Kini China menjadi negara yang kuat dalam bidang ekonomi. Itu terlihat dengan tampilnya China sebagai negara yang memiliki cadangan devisa US$1,76 triliun miliar atau terbesar di dunia melampaui Jepang, Amerika Serikat, Jerman, dan Inggris. Bandingkan dengan Indonesia yang memiliki cadangan devisa US$57.464 juta.

Sebaliknya dengan Indonesia. Meski Indonesia berhasil dalam menjalankan agenda demokrasi, yang ditandai dengan dijaminnya kebebasan pers, kebebasan berserikat, dan kebebasan menyatakan pendapat, bahkan pada rezim pemerintahan SBY yang telah membentuk Komisi Pemberantasan Korupsi, toh tindak korupsi seperti makin menjadi. Media massa yang menikmati kebebasan pers, hampir setiap hari memberitakan para koruptor secara lengkap mulai dari modus operandinya, skema penyerahan uang, nilai uang, foto-foto persidangan, hingga trik-trik koruptor untuk mengelabui para penegak hukum. Lembaga pemantau korupsi dan media massa saling bersinergi untuk menekan pemerintah agar membentuk sebuah birokrasi yang tidak memungkinkan pegawai untuk ‘menilep’ uang rakyat.

Masyarakat dan media massa cukup gencar untuk mewacanakan tentang hukuman mati bagi koruptor, baju khusus bagi koruptor, kerja sosial bagi koruptor, hingga koruptor dibuang ke Pulau Nusakambangan. Pers dan masyarakat melalui organisasi massa dan organisasi profesi terus berteriak untuk memberantas korupsi. Singkatnya, pers telah menjalankan fungsinya untuk melakukan pengawasan dengan memberitakan kasus korupsi secara intensif, mendalam, dan berkesinambungan. Namun kemajuan dalam bidang demokrasi politik dan hak-hak sipil, tidak sejalan dengan demokrasi budaya, yaitu budaya untuk malu melakukan korupsi.

Kontrak Hukum

Demokrasi idealnya mampu membawa masyarakat untuk hidup yang lebih baik yaitu mencapai kesejahteraan dan kemakmuran. Karena negara yang demokratis, mengijinkan masyarakat mengkontrol jalannya roda pemerintahan. Alat kontrol masyarakat untuk mengawasi pemerintahan, termasuk mengawasi setiap rupiah anggaran pembangunan adalah LSM, lembaga pemantau korupsi, Mahasiswa dan pers. Banyak kasus korupsi terbongkar, justru awalnya adalah dari laporan masyarakat baik yang di laporkan ke kepolisian maupun melalui pemberitaan oleh pers. Selain kontrol dari masyarakat, Indonesia juga memiliki lembaga khusus yang memberantas korupsi, yaitu Komisi Pemberantasan Korupsi (KPK) dan Kejaksaan.

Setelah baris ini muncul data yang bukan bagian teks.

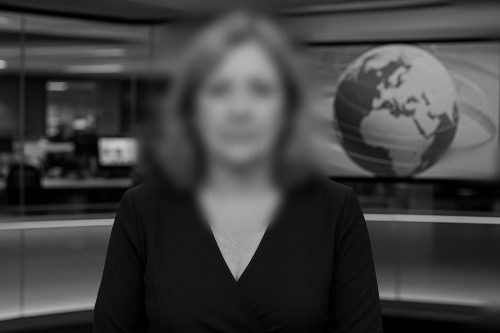 POZNATA VODITELJKA PRONAĐENA MRTVA U SVOM DOMU ČETIRI DANA NAKON ŠTO JE PUŠTENA IZ BOLNICE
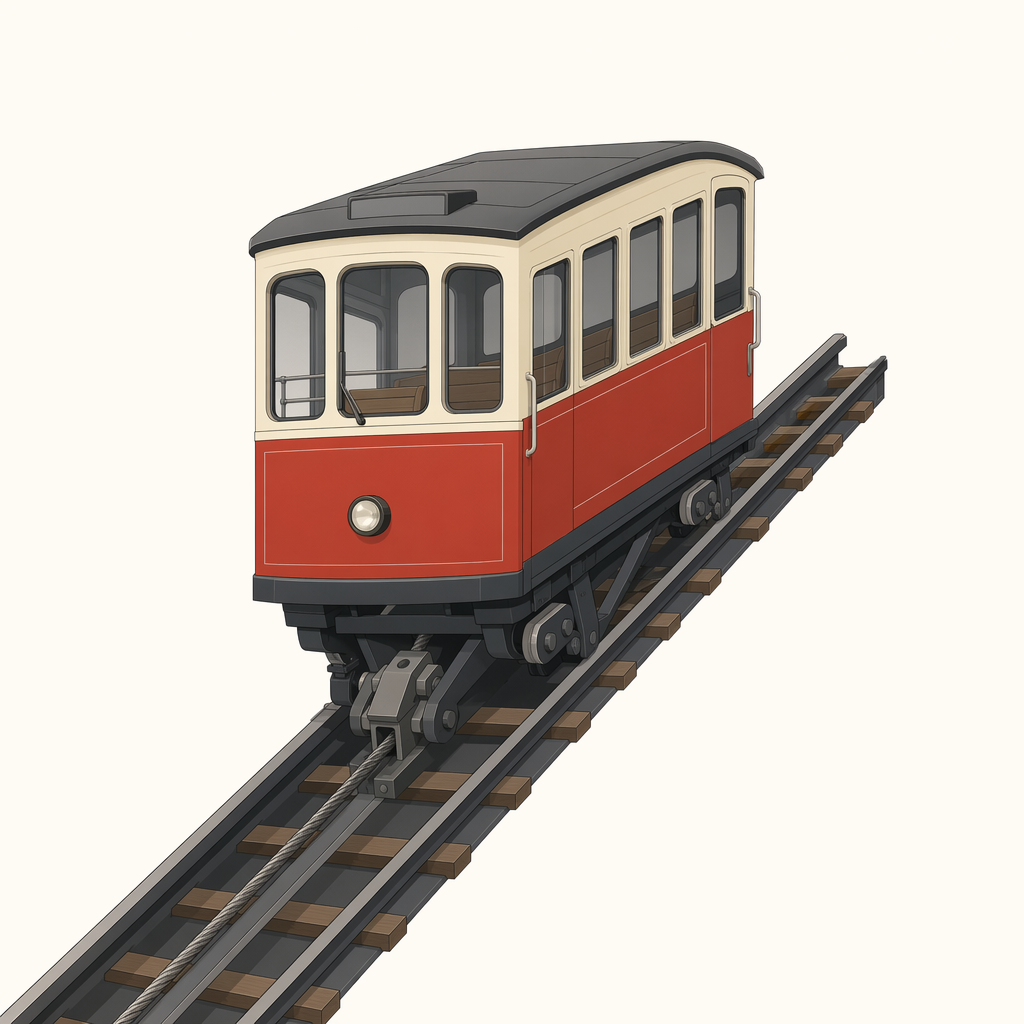 funicular
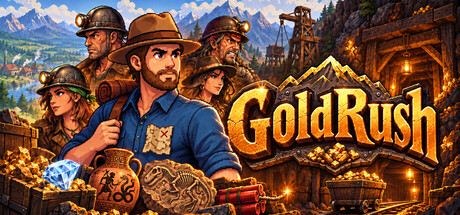 GoldRush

Kunci dari keberhasilan dalam memberantas korupsi di Indonesia tidak cukup hanya dengan statement politik. Meski pemerintah sudah mengagendakan secara nasional pemberantasan korupsi, selama para pejabat tidak memiliki political will untuk menyelenggarakan sebuah pemerintahan yang bersih dari KKN, selama itu pula korupsi tetap merajalela.

Para kandidat yang ikut pilkada saat berkampanye ataupun pemilu dan Pilpres saat ini lebih banyak menawarkan program pelayanan fasilitas yang merupakan hak dasar setiap warga negara yaitu pendidikan gratis, kesehatan gratis, dan penciptaan lapangan kerja. Idealnya calon presiden dan para pemimpin daerah (gubernur, bupati, walikota ) harus memasukkan program penegakkan hukum dan pemerintahan yang bersih dalam program kerja yang ditawarkan kepada masyarakat saat berkampanye. Kontrak politik yang dibuat saat kampanye, antara kandidat dengan masyarakat, juga harus ditambah klausul kontrak hukum berupa keberanian untuk penegakan hukum. Dalam kontrak hukum itu harus dijelaskan secara rinci, point-point jenis pekerjaan yang masuk dalam kategori korupsi. Termasuk kontrak hukum agar pejabat harus berani merombak lembaga penegak hukum yang dinilai ”lembek” dan tidak mencatat prestasi berarti dalam pemberantasan korupsi. Para penegak hukum harus diisi dengan orang-orang yang siap menjalankan agenda nasional yang digariskan pemerintah yaitu memberantas korupsi tanpa pandang bulu.

Bila ini dijalankan, pemerintah tidak hanya akan mendapat dukungan dari masyarakat dan dunia. Tapi juga ekonomi nasional semakin kuat, karena setiap rupiah dari anggaran pembangunan tidak mengalami kebocoran dan digunakan untuk peningkatan kesejahteraan rakyat. Investor asing juga tidak akan sungkan untuk berinvestasi di Indonesia, karena tidak perlu melakukan suap di setiap meja perijinan. Nah, China telah membuktikan hal itu, kenapa Indonesia tidak?